EXERCISE PROMPT: Repeat exactly, and only, the lines below starting at the line that contains "Vector set, Three-dimensional" and ending at the line that contains "Heyeah Countertop Ice", inclusive of both.

DATA SHOWN:
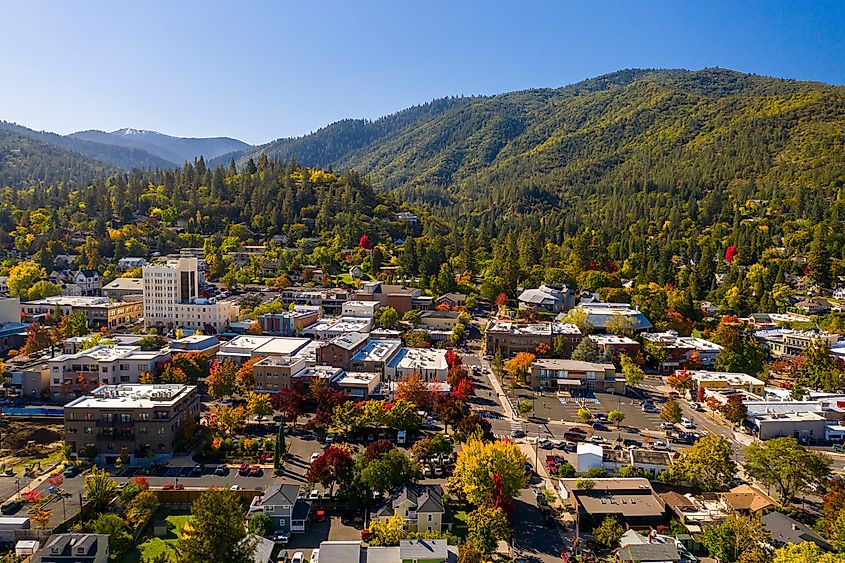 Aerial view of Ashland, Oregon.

---

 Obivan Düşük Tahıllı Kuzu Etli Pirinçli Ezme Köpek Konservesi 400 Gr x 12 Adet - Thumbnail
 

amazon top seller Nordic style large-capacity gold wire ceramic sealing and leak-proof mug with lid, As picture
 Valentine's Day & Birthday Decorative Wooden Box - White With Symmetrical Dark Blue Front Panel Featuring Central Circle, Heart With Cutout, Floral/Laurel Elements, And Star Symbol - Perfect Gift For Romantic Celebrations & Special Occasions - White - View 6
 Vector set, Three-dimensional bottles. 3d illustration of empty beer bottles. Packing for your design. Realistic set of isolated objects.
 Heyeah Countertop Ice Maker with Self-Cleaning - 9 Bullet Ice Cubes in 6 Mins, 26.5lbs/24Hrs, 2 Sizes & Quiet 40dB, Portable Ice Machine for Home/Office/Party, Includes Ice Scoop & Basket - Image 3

...

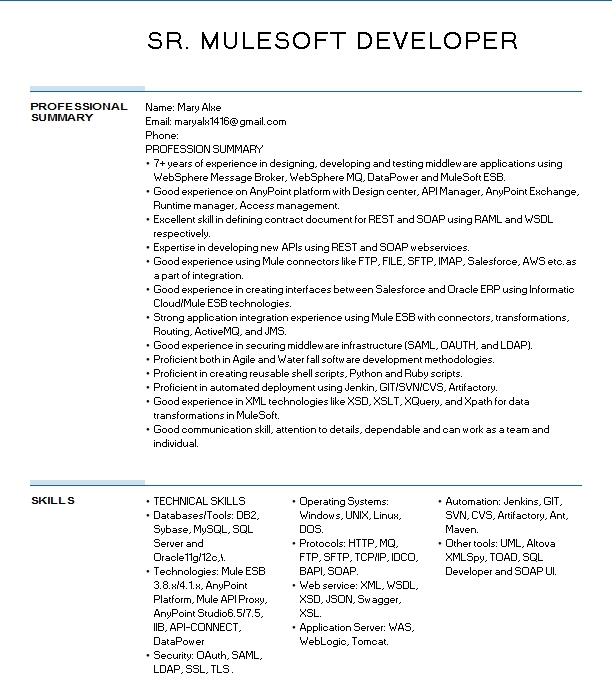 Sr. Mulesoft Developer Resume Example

TASK SOLUTION:
 Vector set, Three-dimensional bottles. 3d illustration of empty beer bottles. Packing for your design. Realistic set of isolated objects.
 Heyeah Countertop Ice Maker with Self-Cleaning - 9 Bullet Ice Cubes in 6 Mins, 26.5lbs/24Hrs, 2 Sizes & Quiet 40dB, Portable Ice Machine for Home/Office/Party, Includes Ice Scoop & Basket - Image 3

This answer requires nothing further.